Agricultural Research Service

Research Project: EROSION PREDICTION TECHNOLOGY TO ENHANCE CONSERVATION PLANNING

Location: Land Management and Water Conservation Research

Title: Residue management impacts on field-scale snow distribution and soil water storage

Authors
item Qiu, Hanxue -
item Huggins, David
item Wu, Joan -
item Barber, Michael -
item McCool, Donald
item Dun, Shuhui -

Submitted to: Transactions of the ASABE
Publication Type: Peer Reviewed Journal
Publication Acceptance Date: August 1, 2011
Publication Date: August 1, 2011
Citation: Qiu, H., Huggins, D.R., Wu, J.Q., Barber, M.E., McCool, D.K., Dun, S. 2011. Residue management impacts on field-scale snow distribution and soil water storage. Transactions of the ASABE. Vol. 54(5): 1639-1647.
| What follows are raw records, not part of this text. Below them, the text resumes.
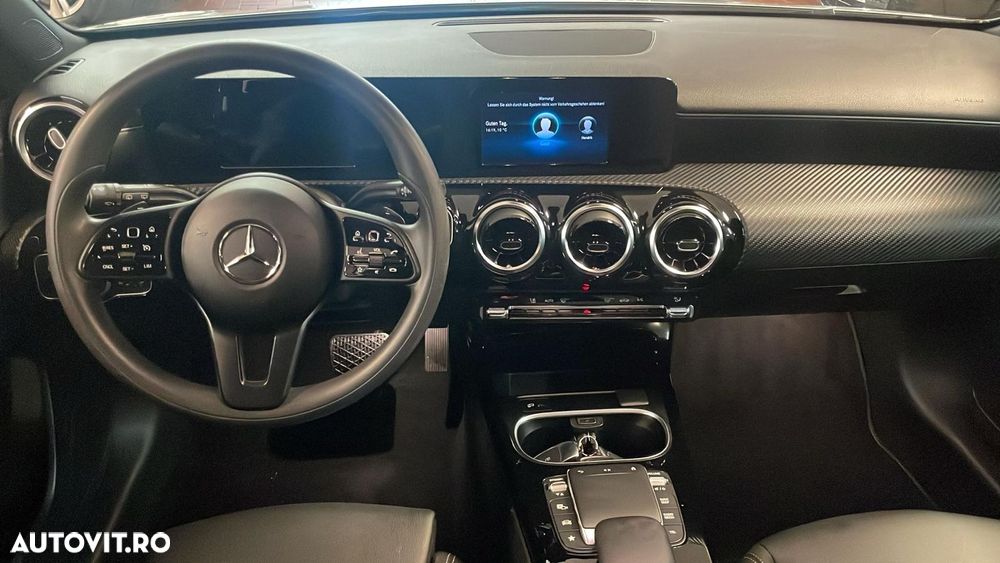 Mercedes-Benz A 200 7G-DCT - 15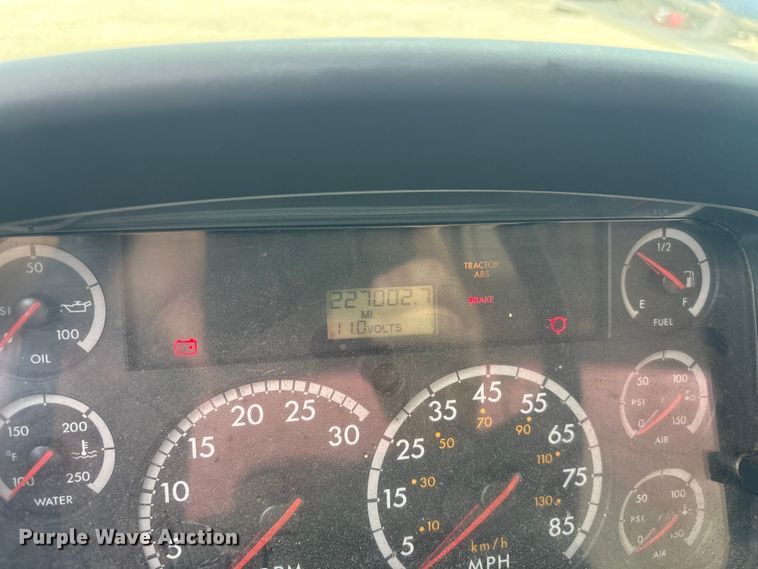 image for item EF1245 2004 Freightliner Business Class M2 fuel truck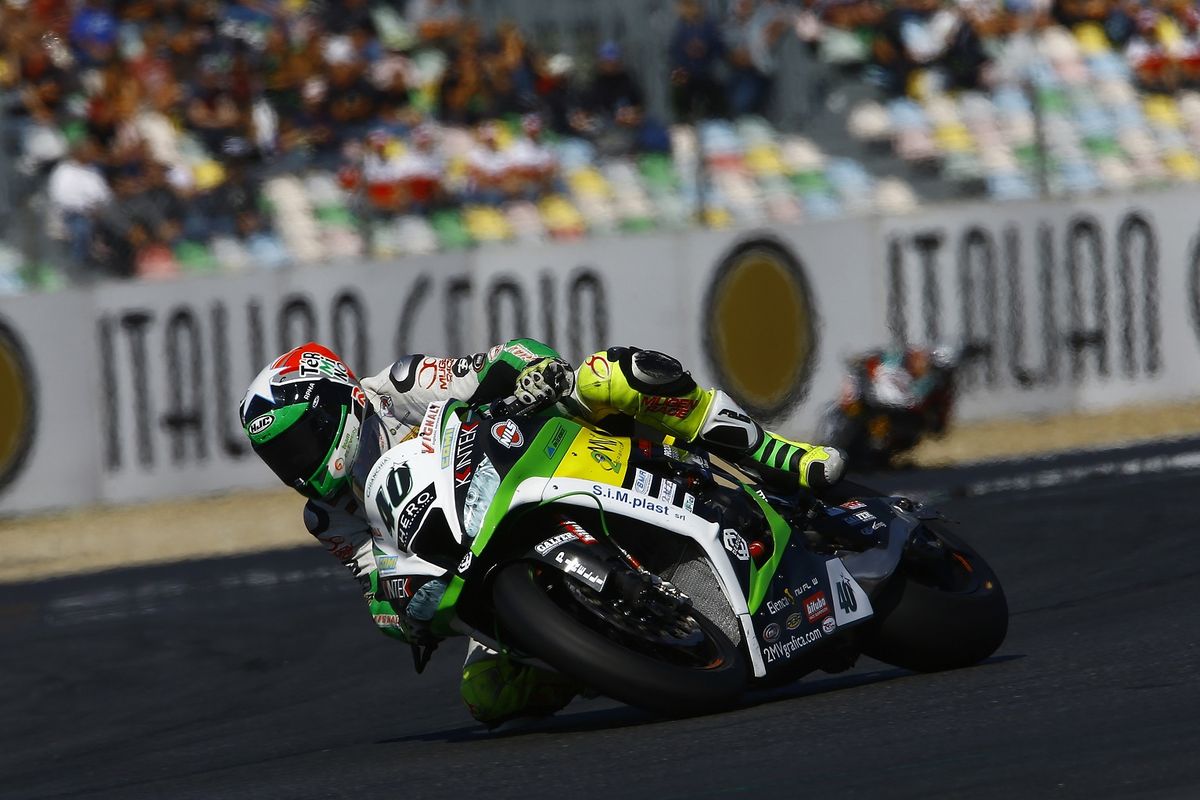 Román Ramos salva un punto en Magny Cours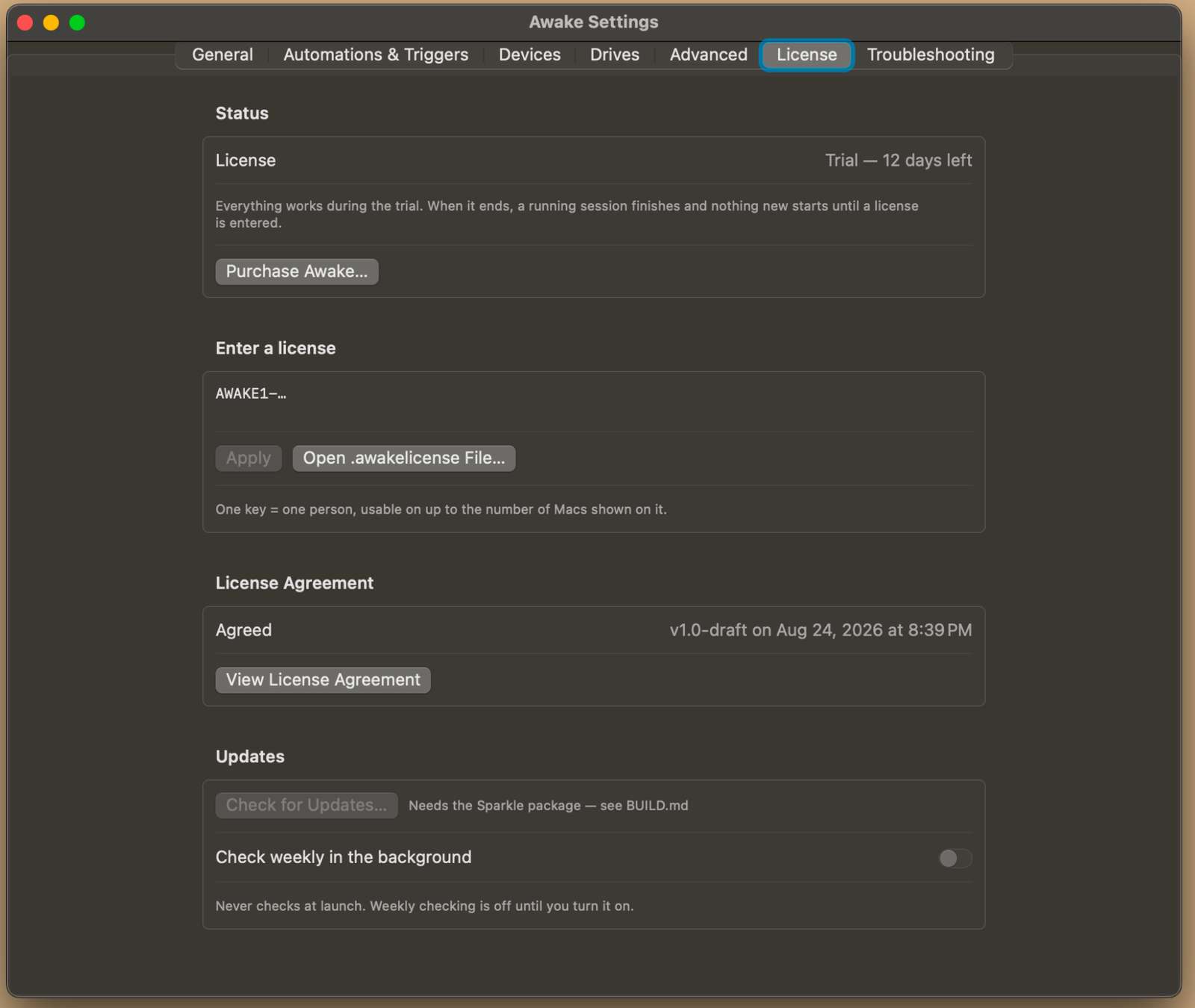 Awake Settings, License: trial days remaining, the license entry field, the agreed license agreement, and update checking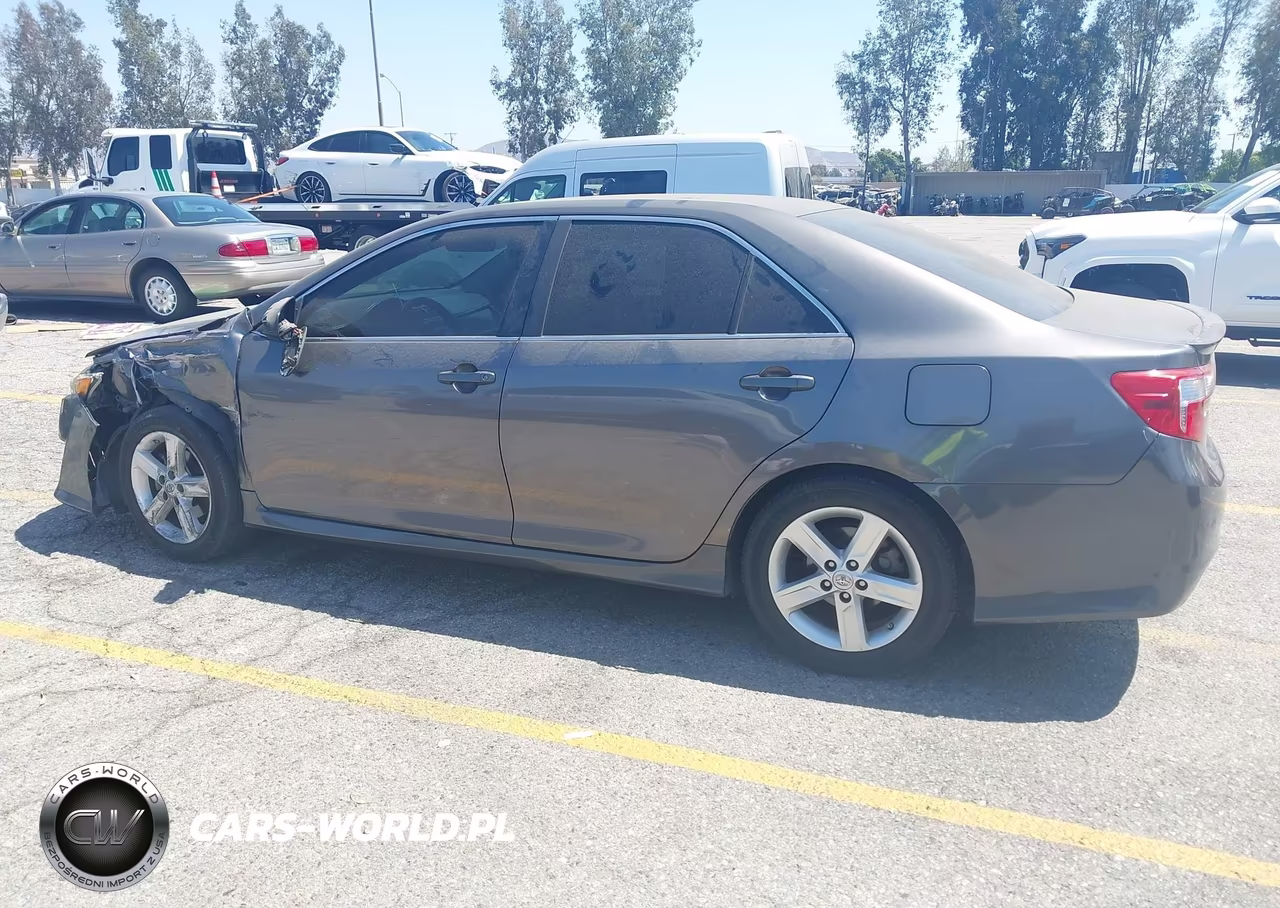 2014 Toyota Camry Se VIN:4T1BF1FK0EU365750 - 14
Interpretive Summary: Variation of soil water available to crops has an important impact on variation in crop yield and quality across a field. Studies in cold climates show that no-tillage (NT) practices as compared to conventional tillage (CT) can result in more soil water storage by retaining more snow in stubble, enhancing infiltration and reducing evaporation, and can also affect the spatial variation of soil water. We studied the effect of crop residue on snow movement and spatial variation of soil water in the Palouse area of southeastern Washington. Two side-by-side farms near Pullman, WA, one under NT, the other under CT, were surveyed for snow depth, snow water equivalent, and resultant soil water storage during the winter season of 2007–2008. Snow pack was distributed more evenly under NT, and compared to CT, NT retained 10–20 cm more snow on the ridge top because of its standing residue. Soil water followed a similar pattern. Although many factors may have contributed to the spatial variation of soil water, residues under NT retarded the generation of runoff, retained more snow on the ridge top and steep-sloped areas, and likely reduced the soil water spatial variation, improving the opportunity for uniformity of yield and better crop quality.

Technical Abstract: Spatial variation of available soil water has important environmental and economic effects and implications by affecting crop yield and quality and effective fertilization recommendation. Studies show that no-tillage (NT) practices, compared to conventional tillage (CT), can result in more soil water storage by retaining more snow in stubble, enhancing infiltration and reducing evaporation. We hypothesize that the residue also affects the spatial variation of soil water. Our objectives were to evaluate residue effects on snow redistribution and the spatial variation of soil water in the Palouse area of the PNW. Two side-by-side farms near Pullman, WA, one under NT, the other under CT, were surveyed for snow depth, snow water equivalent (SWE), and resultant soil water storage during the winter season of 2007–2008. Results indicated that snow pack on average was distributed more evenly and had less spatial variation under NT. Compared to CT, NT retained 10–20 cm more snow by its standing residue on the ridge top. Snow water equivalents followed the same pattern of larger spatial variation in CT. The resultant soil water in the spring was the lowest on the ridge top areas, and highest in valleys in both treatments. However, under CT, soil water on the ridge top area was 6% less than, and in valleys 17% more than, the average over the whole treatment. Such variation was much smaller in NT where soil water on the ridge top was only 4% less than, and in valleys 6% more than, the average. Although many factors may have contributed to the spatial variation of soil water, residues under NT retarded the generation of runoff, retained more snow on the ridge top and steep-sloped areas, and likely reduced the soil water spatial variation.